I am regularly asked to name my favourite ‘M’ car and people often look slightly surprised when I don’t immediately namecheck the obvious E30 M3 or E34 or E39 M5s. Admire them though I do, it is the so-called ‘M6’ I’ve always loved the most.
And here’s why. Back in mid 1980s, my father had one. He had a little cottage in France just across the water from where we lived in Jersey which he used to describe as the launchpad. Because it was from there that he would launch himself on his various motoring adventures in Europe. The BMW was his rocket. He’d head off for weeks and many thousands of miles at time with his wife, my kid sister and all their luggage on board and really at the time there wasn’t a better car for the job.

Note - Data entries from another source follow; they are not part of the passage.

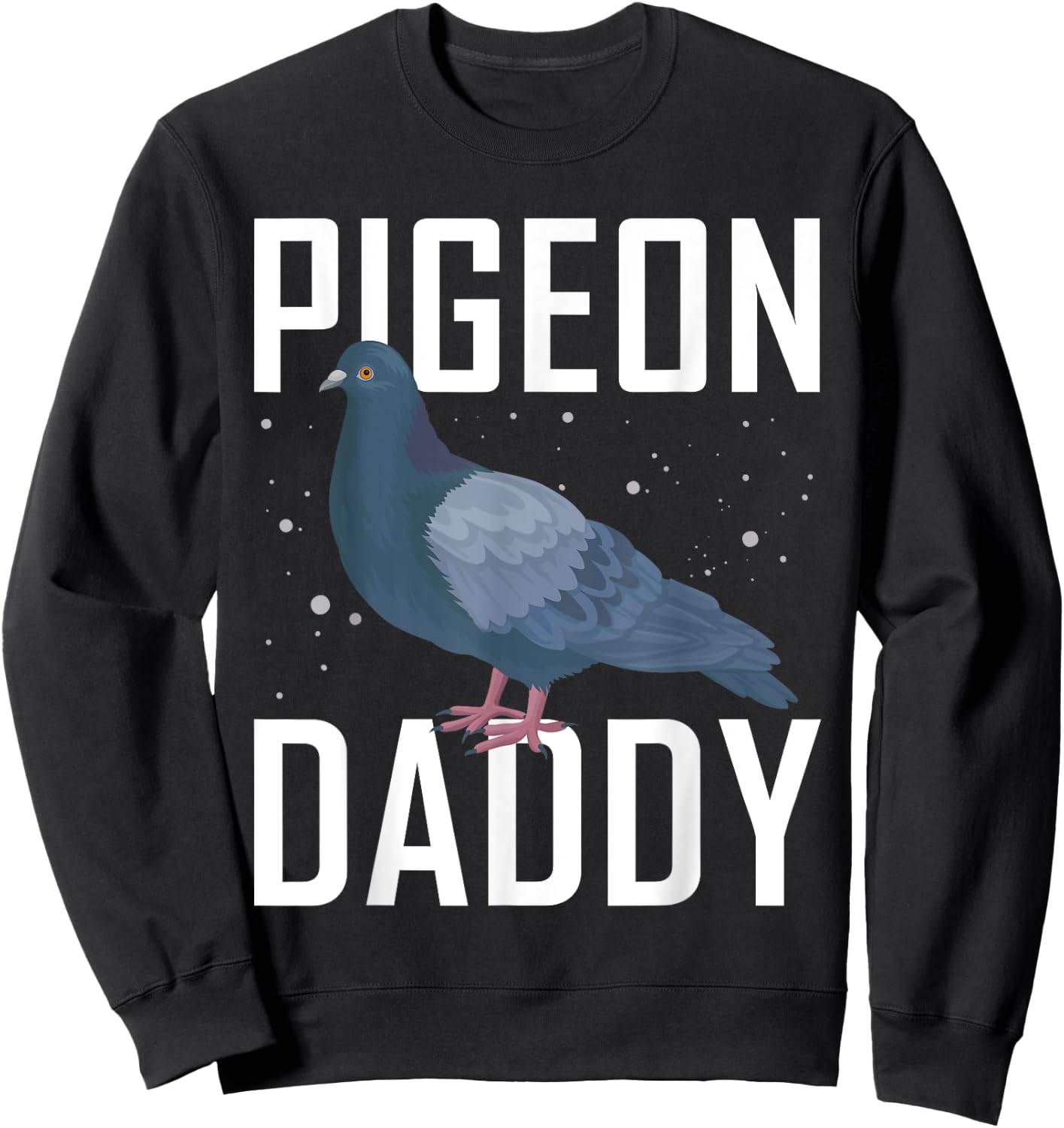 Pigeon Daddy Pigeon Racing Shirt Pigeon Shirt Bird Sweatshirt - Sweatshirt | Black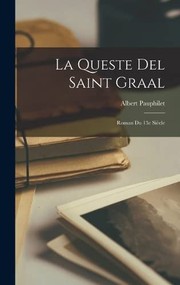 Cover of: Queste Del Saint Graal by Albert Pauphilet
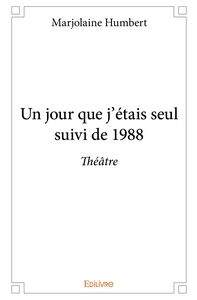 Un jour que j'étais seul suivi de 1988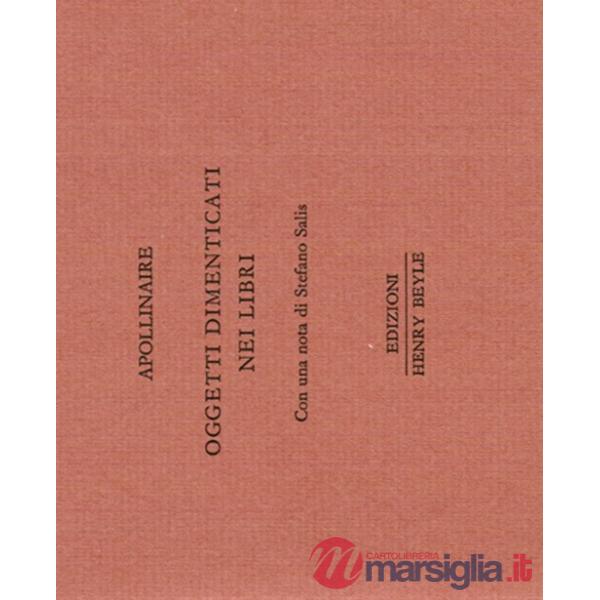 Oggetti dimenticati nei libri. Ediz. numerata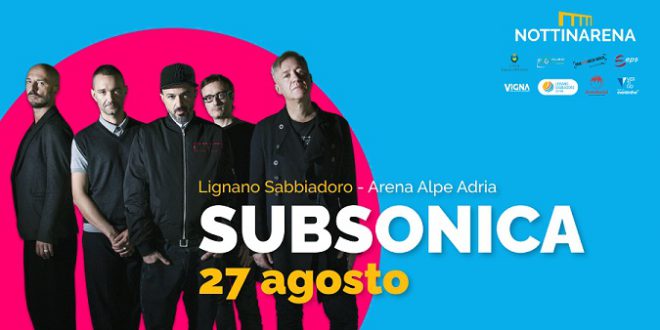 SUBSONICA IN CONCERTO: venerdì 27 agosto festeggiano 25 anni di carriera sul palco dell’Arena Alpe Adria a Lignano Sabbiadoro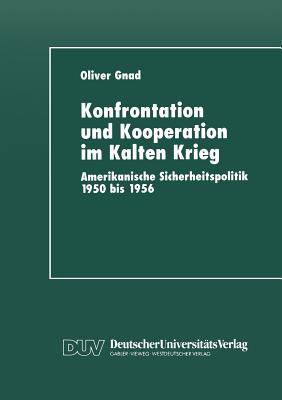 Konfrontation Und Kooperation Im Kalten Krieg: Amerikanische Sicherheitspolitik 1950 Bis 1956 - Gnad, Oliver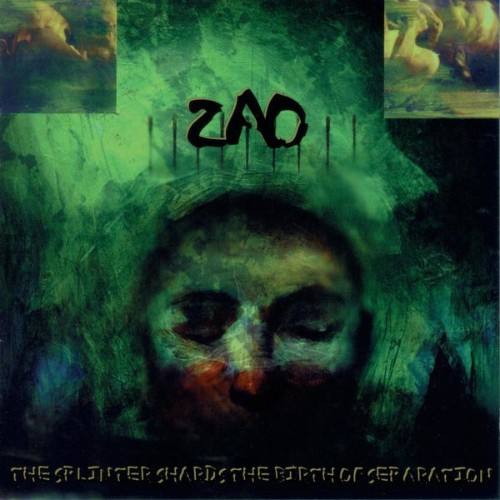 Zao - The Splinter Shards The Birth - 1997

The peculiar thing was he also had a Ferrari Mondial bought for precisely the same purpose and if there was ever a plausible reason for having both, I’ve long since forgotten what it was. All I know was that he always went on about how much better than the BMW was the Ferrari, but when the time came to actually drive one, he always took the BMW, his actions as ever speaking far louder than his words ever could.
And sometimes I’d go to the cottage with some mates for a long weekend and we’d chug around in the rusty 2CV he also kept there. But after I’d reached a certain age, I was told I could drive the BMW unsupervised, so I swiftly arranged another trip and took a small gang over for New Year. But before I could dream up a suitable excuse to drive the M6, we needed to get the wood in, because without lit fires we were going to freeze. And it was in the process of chopping said firewood that the handle of our axe broke while being wielded by my chum Alexis. And buried itself an impressive distance into his left hand.